Shown below. In the figure, a plurality of photosensitive sections 1 are arranged two-dimensionally in pixel units in the vertical and horizontal directions and accumulate signal charges according to the amount of incident light, and signal charges read out from these photosensitive sections 1 in each vertical column. An imaging section 3 includes a vertical shift register (vertical transfer section) 2 that transfers the data in the vertical direction. The signal charges of all pixels photoelectrically converted in the photosensitive section 1 are instantaneously read out to the vertical shift register 2 for each vertical column during a part of the vertical blanking period. The signal charges transferred to the vertical shift register 2 are sequentially transferred to the horizontal shift register (horizontal transfer section) 4 in portions corresponding to one scanning line during a part of the horizontal blanking period. The signal charges for one scanning line are sequentially transferred in the horizontal direction by the horizontal shift register 4. At the final end of the horizontal shift register 4, FDA (
Floating Diffusion Amplif
An output circuit section 5 is provided, which is made up of a circuit such as a driver. This output circuit section 5 converts the signal charge obtained by photoelectric conversion in the photosensitive section 1 into a voltage and outputs the voltage.

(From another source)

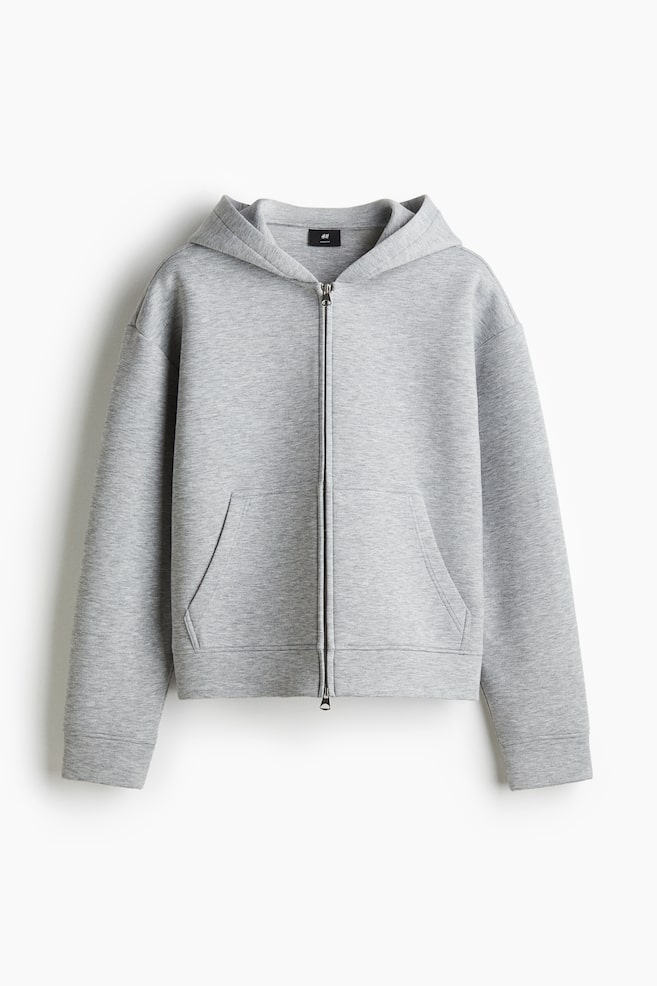 Loose-Fit Scuba Hooded Jacket - Gray melange/Black - 1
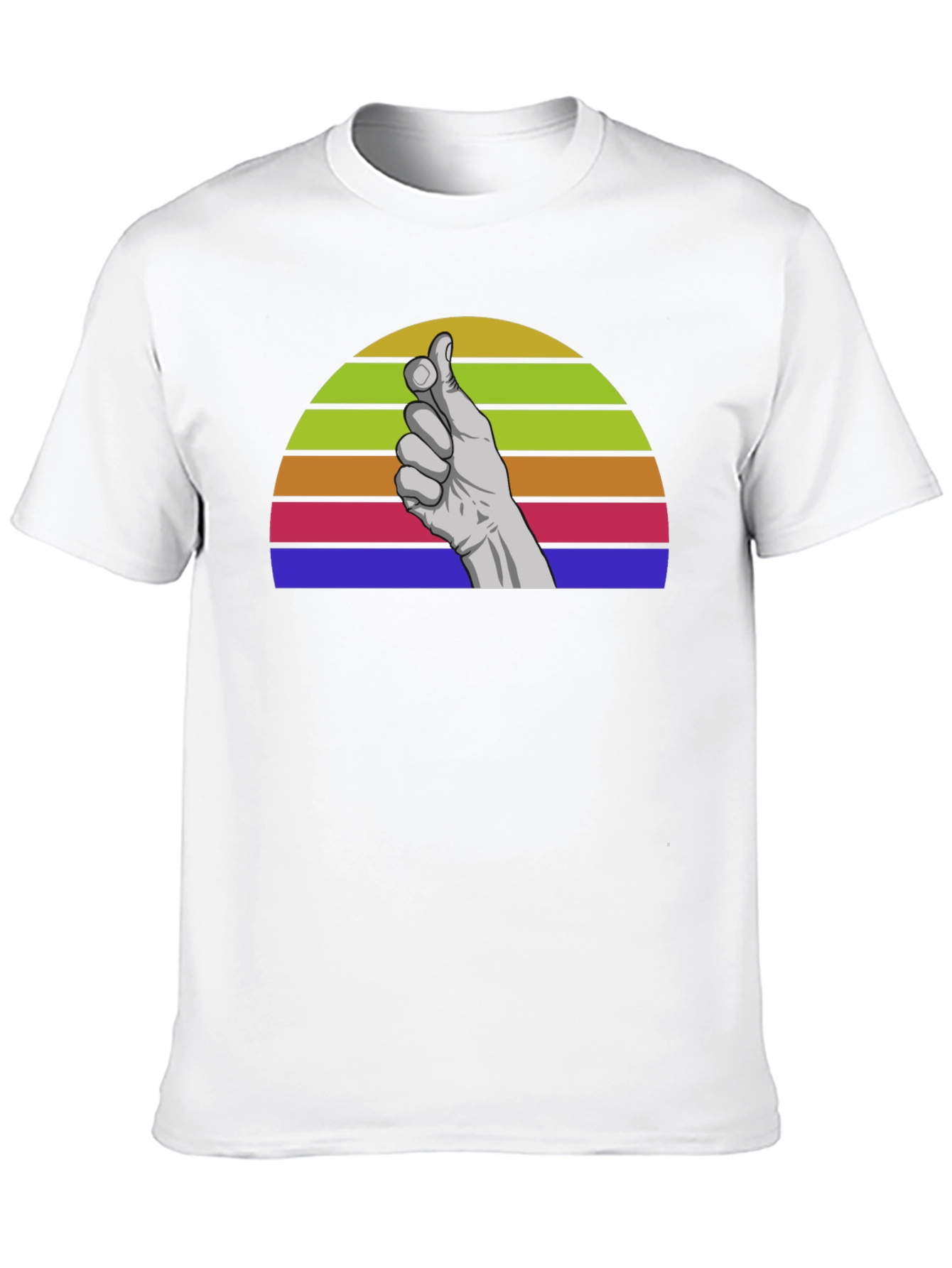 Retro Hand Gesture Graphic Tee - Black Cotton Blend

[0003] In this type of CCD solid-state imaging device, the proportion occupied by the photosensitive part (sensor part) in each pixel, that is, the aperture ratio, is generally about 20 to 50%.
The utilization efficiency of light incident on the element surface of the imaging section 3 is poor. In order to improve the utilization efficiency of light incident on the element surface of the imaging section 3 and improve the sensitivity, a solid-state imaging device includes an imaging section in which a microlens is provided as an on-chip microlens for each pixel. is already known.

0004

[Problems to be Solved by the Invention] As mentioned above, in a CCD solid-state imaging device in which a microlens is formed for each unit pixel of the imaging section, although it is possible to improve the utilization efficiency of incident light due to the light condensing action of the microlens. The occurrence of side effects due to periodically arranged microlenses cannot be ignored. A side effect of this microlens is that some of the light incident on the microlens is reflected by the surface of the lens due to the change in refractive index between the air medium and the microlens, which is unrelated to imaging. When the light reaches the light-receiving surface in the form of light, it causes harmful light called "cell ghost" that appears around high-brightness objects in the captured image.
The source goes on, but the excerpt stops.